Hank Willis Thomas, Unbranded: A Century of White Women, 1915-2015 @Jack Shainman

JTF (just the facts): A total of 101 color photographs, framed in white and unmatted, and hung against white walls in the two rooms of the 24th Street space and the four rooms of the 20th Street space. All of the works are digital chromogenic prints, made in 2015. Physical sizes range from roughly 40×40 to 54×41  (or reverse), and all of the prints are available in editions of 3+2AP. A catalog of the exhibition has been published by the gallery and is available for $35. (Installation shots from both locations below.)

Comments/Context: Hank Willis Thomas’ new show is the first great exhibit of contemporary photography this year. (Stop a moment and take that statement in.) It is conceptually sophisticated, culturally rich and nuanced, and authentically (and often discouragingly) insightful. In short, it’s a thrilling knockout of a show. Finally, five months into the year, 2015 has its first milestone.

On view at both of the Jack Shainman Gallery locations, Unbranded: A Century of White Women, 1915-2015 follows up on Thomas’ earlier Unbranded: Reflections in Black by Corporate America, 1968-2008 project, leveraging a reductive appropriation style that had proven particularly powerful when he first applied it to decades of advertising depicting African-Americans.
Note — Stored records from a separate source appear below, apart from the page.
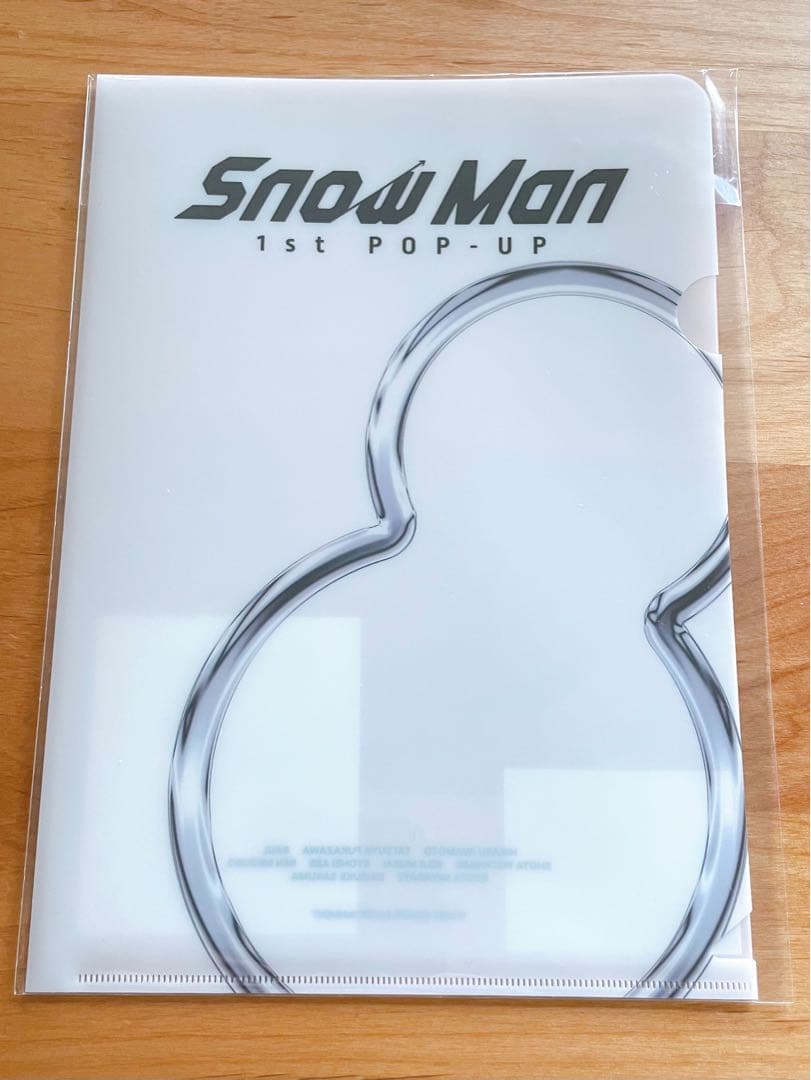 Man ポップアップ クッキー缶 目黒蓮 レシート フォトカード スノ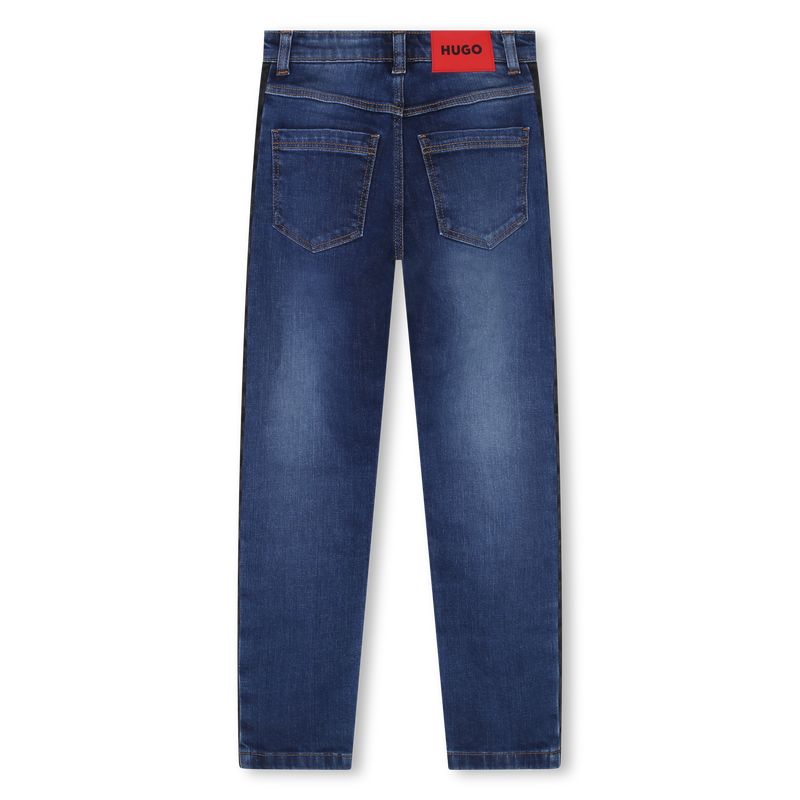 Side Panel Jeans HUGO 
                        GIRL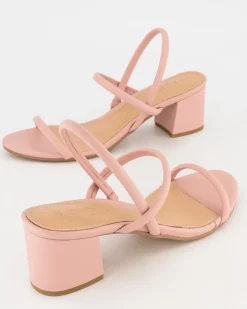 Women Old Khaki Wedges & Flats>Women'S Perrie Leather Heel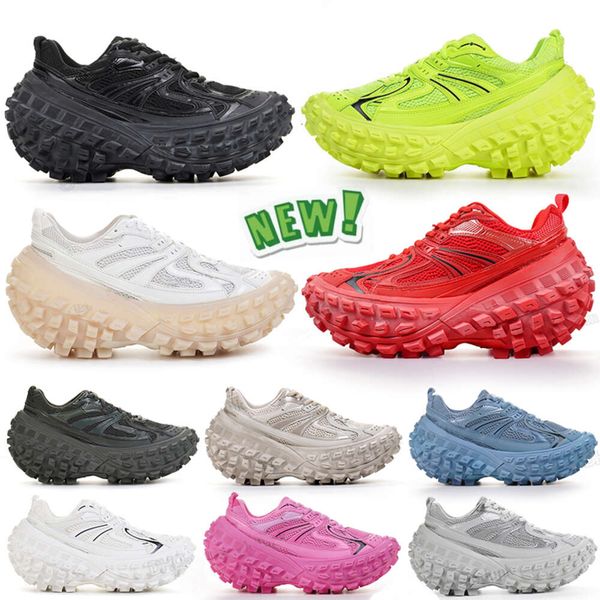 Defender Sneaker Men Women Casual Shoes Designer Platform Tire Sneakers Beige Black Khaki Green Red Blue Thick Sole Dad Trainers with Box, Cream
Defender Sneaker Men Women Casual Shoes Designer Platform Tire Sneakers Beige Black Khaki Green Red Blue Thick Sole Dad Trainers with Box, Cream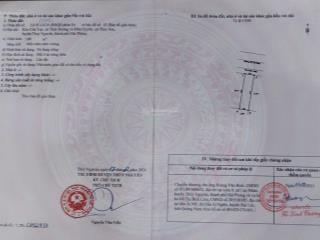 Chính chủ chuyển nhượng đất lô 05lk20  khu đấu giá cửa trại, thủy nguyên, hải phòng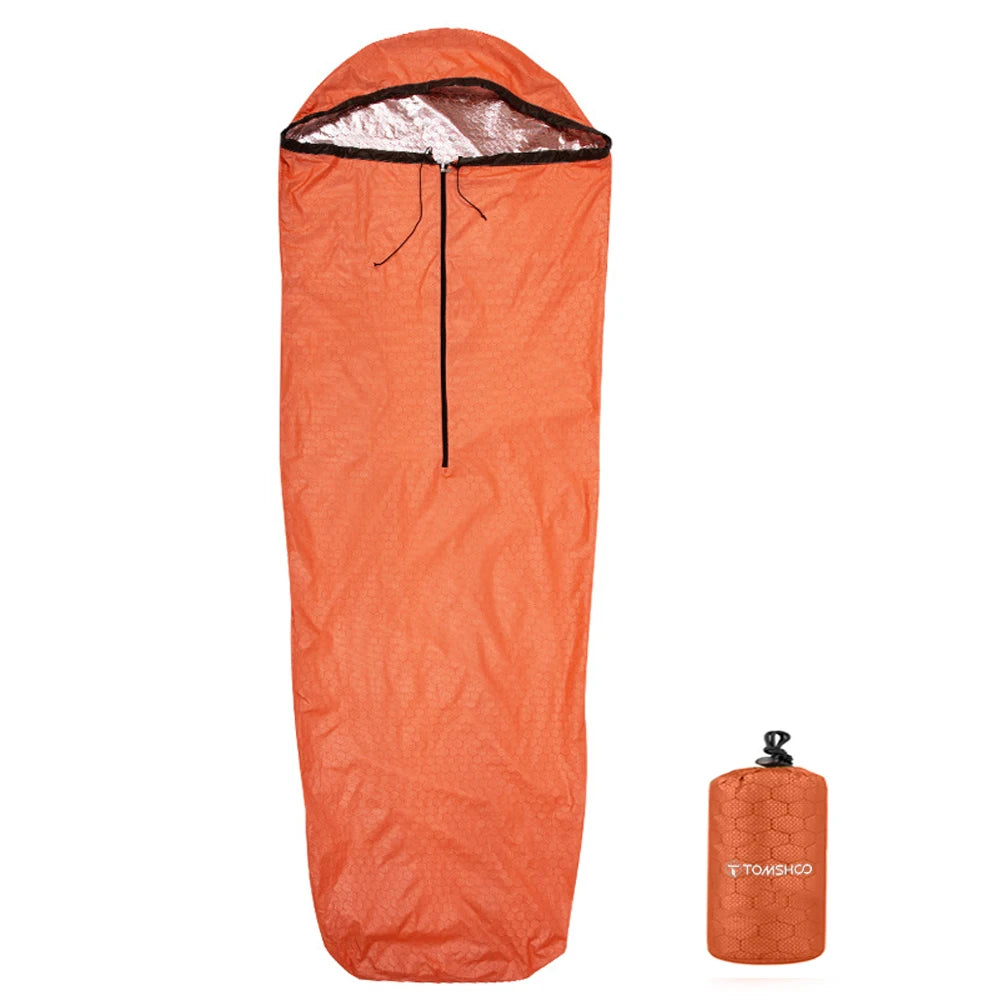 Emergency Sleeping Bag &ndash; Lightweight Waterproof Thermal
In both projects, Thomas has started with actual found advertising images (one from each specific year), which he has then carefully manipulated/Photoshopped to remove the logos, headlines, and body copy, leaving behind the underlying imagery, now isolated from its surrounding branding, messaging, and original context. And in both cases, the resulting works are often puzzlingly weird, haltingly inappropriate and sometimes ridiculous, and even quietly and provocatively disturbing – while they’ve been around us for years, it’s as if we’re really seeing them for the first time.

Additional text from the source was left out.